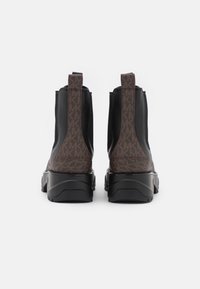MICHAEL Michael Kors Stivaletti con plateau - black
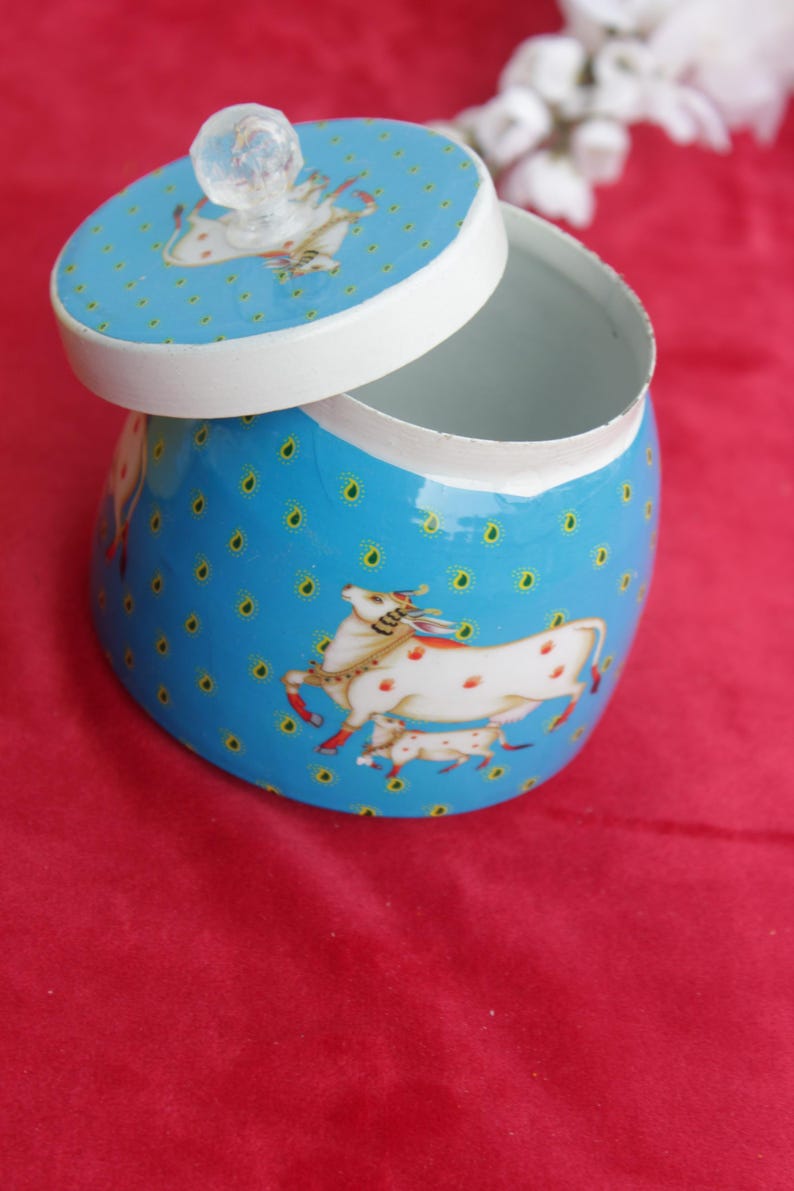 May include: A blue decorative jar with a white interior and lid. The jar and lid feature a repeating pattern of small yellow dots and a white horse illustration with red spots. The lid has a clear, round knob.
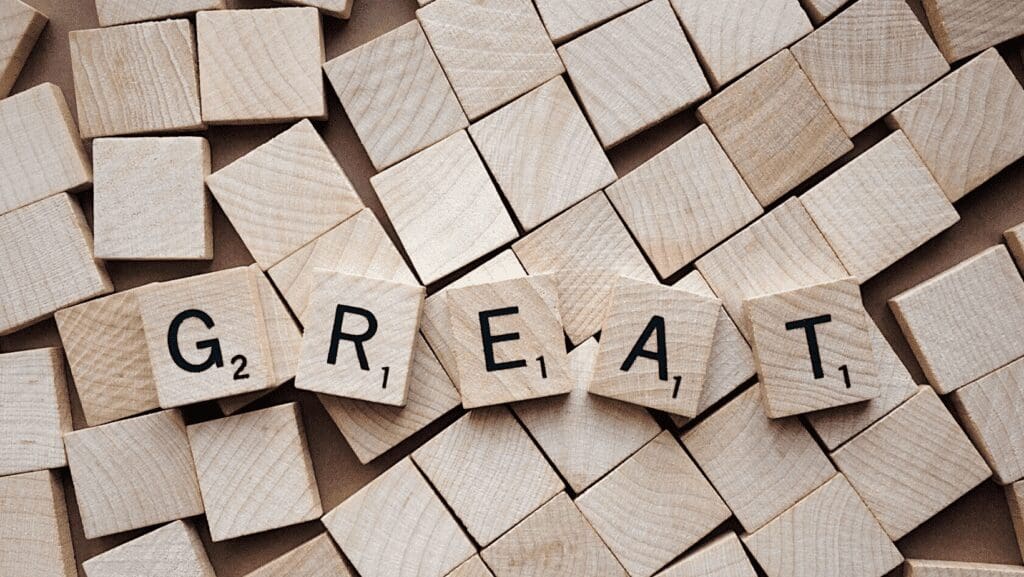 Scrabble tiles spelling the word "great".
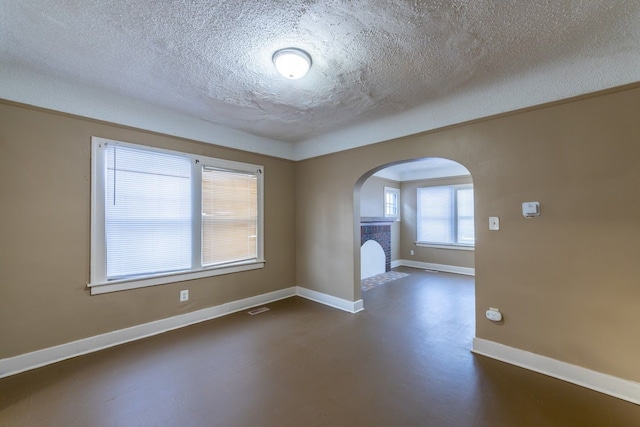 unfurnished room with a fireplace and a textured ceiling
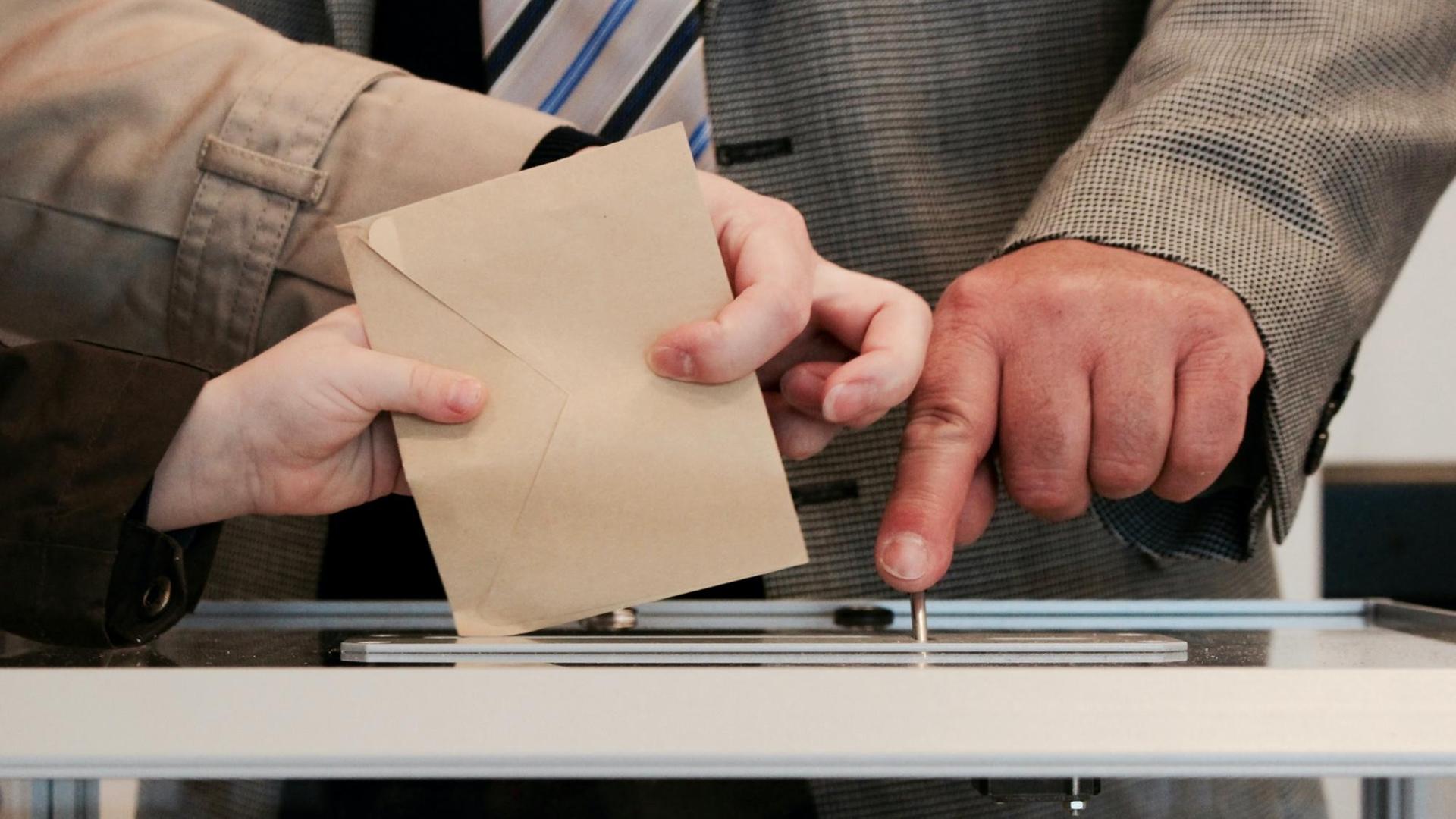 Ein Wahlbriefumschlag und die Hand eines Kindes, einer Frau und eines Mannes.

□ □ □ □

Every line from the one containing "Scrabble tiles spelling" to the last line of the material must be returned exactly. Leave out any pictures.

- **Result of the exercise**
 Scrabble tiles spelling the word "great".
 unfurnished room with a fireplace and a textured ceiling
 Ein Wahlbriefumschlag und die Hand eines Kindes, einer Frau und eines Mannes.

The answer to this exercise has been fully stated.